• _Task statement_: Copy the complete listing exactly as shown.

• _Recorded data_:
════════════════

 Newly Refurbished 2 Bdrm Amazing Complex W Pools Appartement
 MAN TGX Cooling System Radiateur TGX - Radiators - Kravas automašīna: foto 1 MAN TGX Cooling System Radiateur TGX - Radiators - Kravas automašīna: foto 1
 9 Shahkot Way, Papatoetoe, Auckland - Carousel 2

════════════════

• _Answer box_:
 Newly Refurbished 2 Bdrm Amazing Complex W Pools Appartement
 MAN TGX Cooling System Radiateur TGX - Radiators - Kravas automašīna: foto 1 MAN TGX Cooling System Radiateur TGX - Radiators - Kravas automašīna: foto 1
 9 Shahkot Way, Papatoetoe, Auckland - Carousel 2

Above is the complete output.